▸ Aim of the task: It would help if you retyped the data exactly, leaving out the pictures.

Crawled caption data:
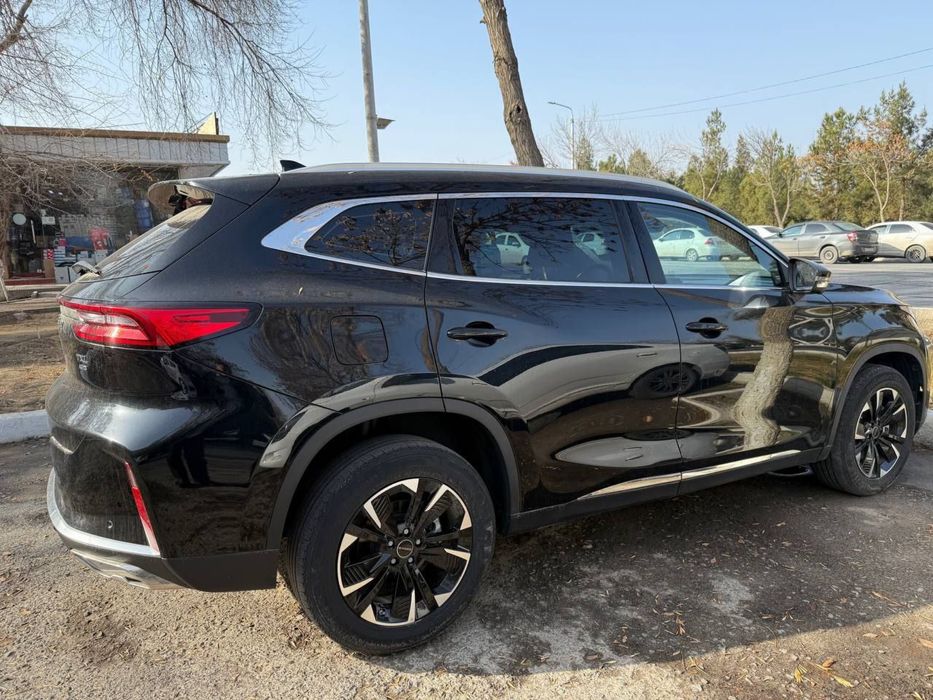 Exeed TXL premium rusumli avtomashina sotiladi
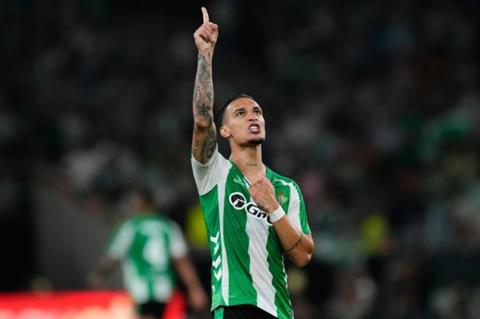 Hàng thải của MU tỏa sáng, Betis thoát thua tại Europa League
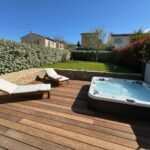 Intégrer un jacuzzi à une terrasse en bois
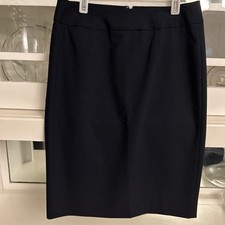 Women  s Navy Blue Calvin Klein Knee Length Skirt Size 2 With Stretch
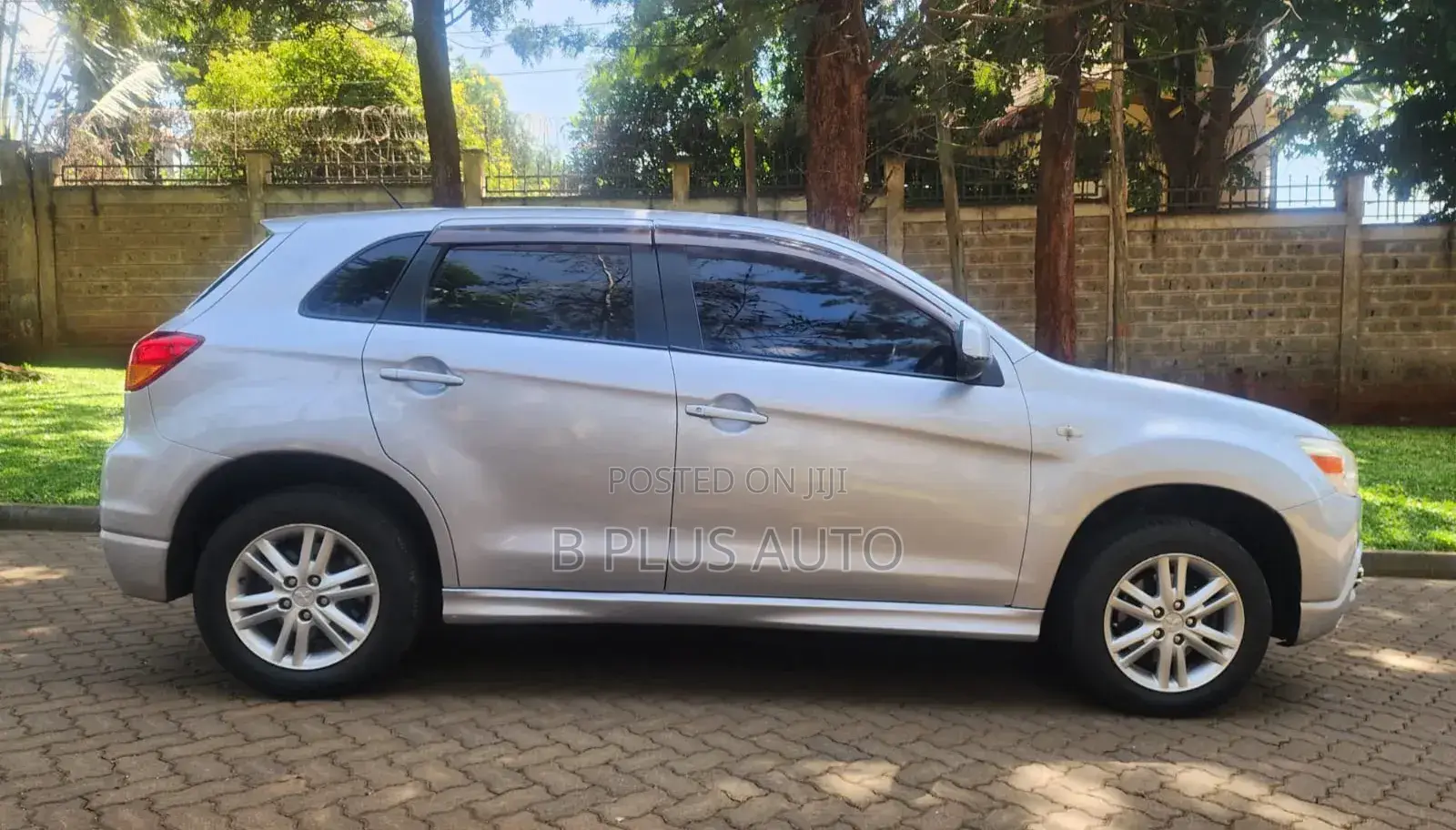 Mitsubishi RVR 2.0 2011 Silver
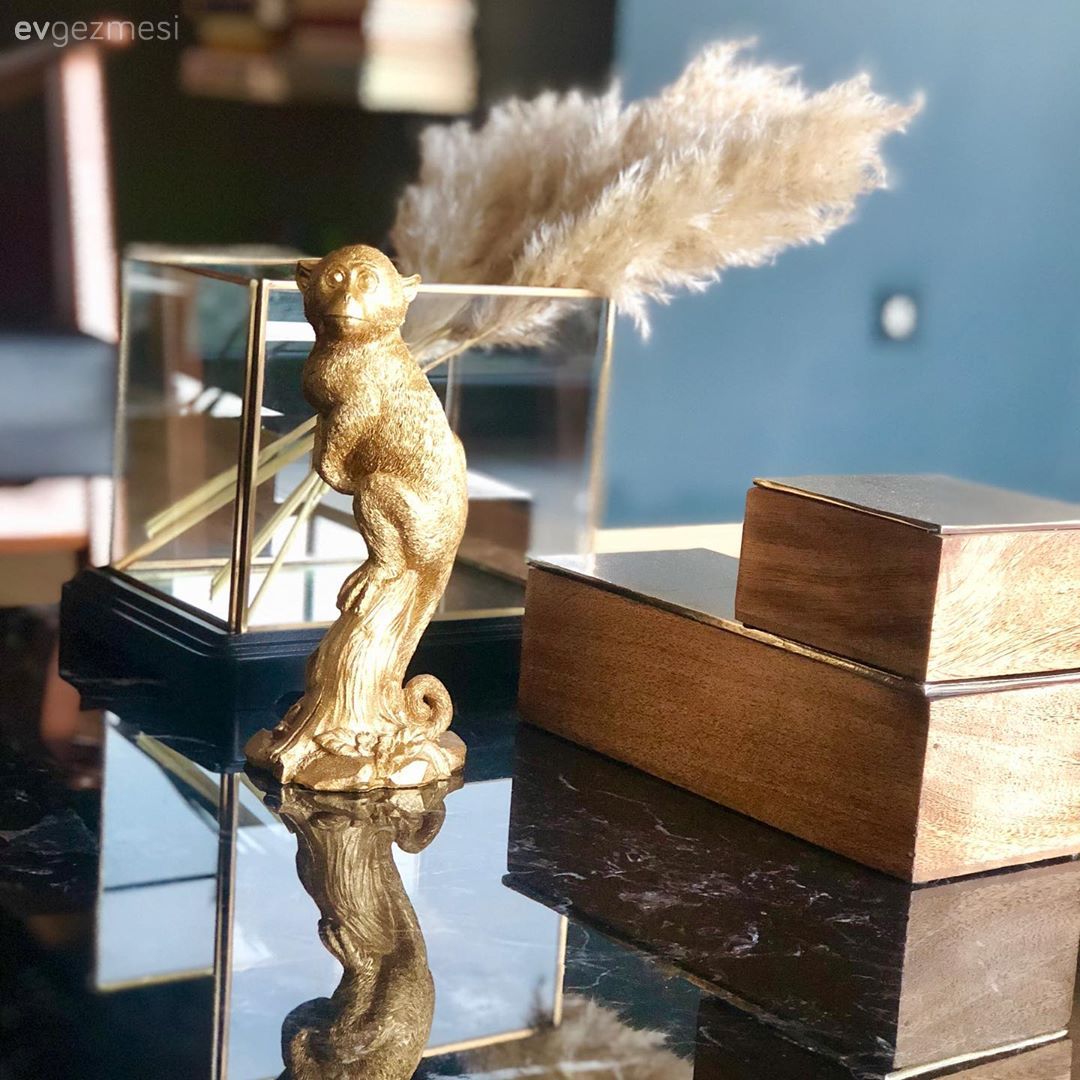 Bu Evde Endüstriyel Stil Rustik Detaylarla Desteklenmiş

▸ Written solution:
 Exeed TXL premium rusumli avtomashina sotiladi
 Hàng thải của MU tỏa sáng, Betis thoát thua tại Europa League
 Intégrer un jacuzzi à une terrasse en bois
 Women  s Navy Blue Calvin Klein Knee Length Skirt Size 2 With Stretch
 Mitsubishi RVR 2.0 2011 Silver
 Bu Evde Endüstriyel Stil Rustik Detaylarla Desteklenmiş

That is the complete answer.